On a recent trip to Dick’s place, we enjoyed an opportunity one day to do our part to preserve arctic wetlands. Snow geese are notoriously difficult to decoy, and with thousands of them wintering in the area, we’ve never exercised a lot of science hunting them. If the birds raft up out in the bay, no decoy spread in the world will entice them within range. But when they’re trading about, you can usually shoot your share from any unembellished duck blind with nothing but a handful of decoys to attract the stragglers.
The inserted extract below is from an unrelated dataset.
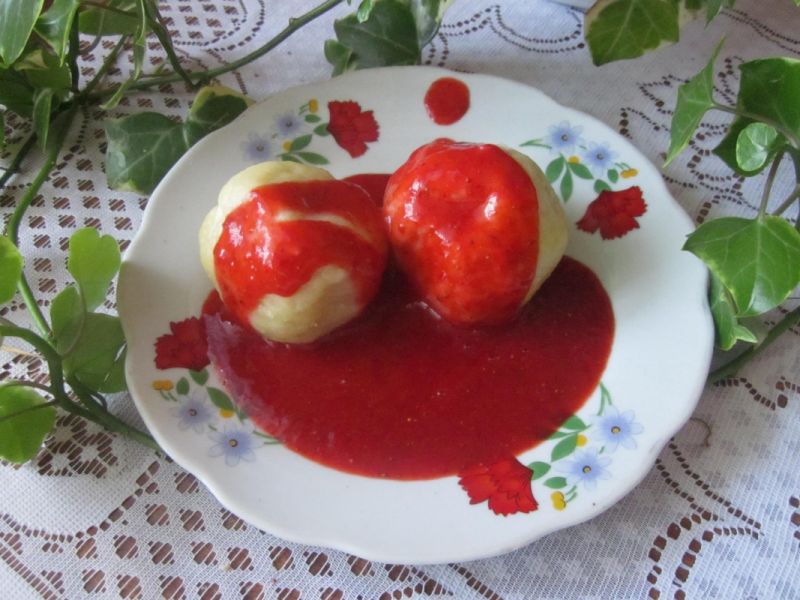 Knedle z truskawkami i musem truskawkowym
And the birds were certainly flying that morning. Marshall, Lori, and I had a half dozen green-wings resting on the bench when I first heard geese in the air. The birds were lifting off in huge, wheeling flocks, and I doubt our token decoy spread and furious calling did much to influence them. But over the next hour, enough low-flying singles passed overhead to keep our shotguns—and Glory—as busy as they needed to be. When Jimmy picked us up in the airboat later that morning, a grinning Dick Negley sat behind a bow that looked as if it had been buried by a snowplow: a pile of geese to which we gladly added a dozen or so of our own.
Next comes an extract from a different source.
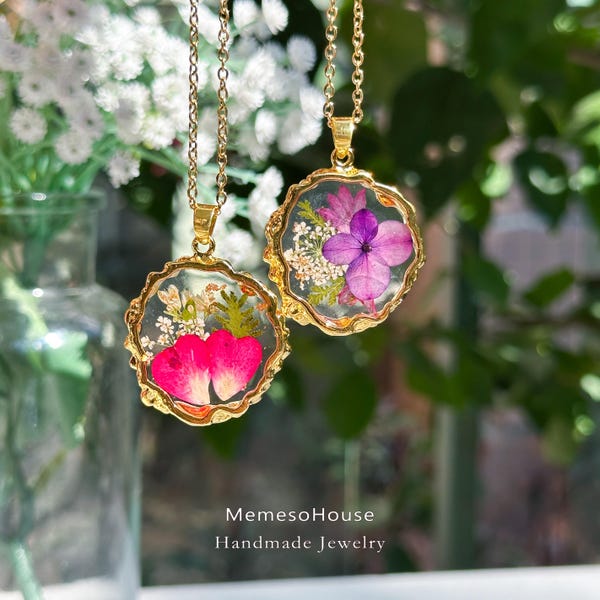 Birth Month Real Flower Necklace, Dried Daisy Floral Necklace, Pressed Hydrangea Resin Jewels, Gold Jewelry, Christmas Birthday Gift For Her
Skeptics put off by snows’ undeservedly shaky reputation on the table could have learned something from the dinner Dick whipped up for the hunting party that night. Granted, the first course of redfish and local oysters would have made a memorable meal on their own, but I’ve never enjoyed waterfowl more than those snow geese breasts—marinated in something sweet and tangy, and grilled quickly so they were crisp on the outside and blood-rare in the middle.
When you live in the north, a midwinter break to somewhere warm is more than another hunting or fishing trip. Human beings can take only so much uninterrupted cold and darkness. Working as a physician in the Far North, I quickly learned that cabin fever was real. Take away the sun’s healing rays long enough, and normally rational people eventually begin to eat their young.
Given all this, a waterfowl expedition seems an unlikely remedy for what is now officially known as seasonal affective disorder—unless you’re willing to think outside the proverbial box. Put the duck blind on a warm saltwater marsh, and throw in some intriguing nearby fly-fishing, and you’ll be well on your way to a cure. And I know just the place. n
Although the product of a long line of Texans, Don Thomas has lived his adult life in rural Montana and Alaska, and he and his wife, Lori, now divide their time between homes in both states. His latest book, How Sportsmen Saved the World reviews the contributions hunters and anglers have made to wildlife conservation.
If You Go
The little coastal hamlet of Port Mansfield has always served us well as a fly-fishing base of operations. Rentals are remarkably affordable during the winter off-season—even though that’s the Texas winter in-season. Contact Glaze Realty, 701 Bayshore Dr., Port Mansfield, TX 78598; (210) 944-2355. Contact www.rio-grande-valley.com/portmansfield/business/fishguides for charters. Interview prospective guides before booking, Most are far more conversant with conventional tackle than with fly rods.
Since our last visit, the Gulf has faced a major environmental disaster. The good news, for Texans at least, is that the BP oil spill largely spared their coast. At this writing, there’s no reason for that event to deter visitors.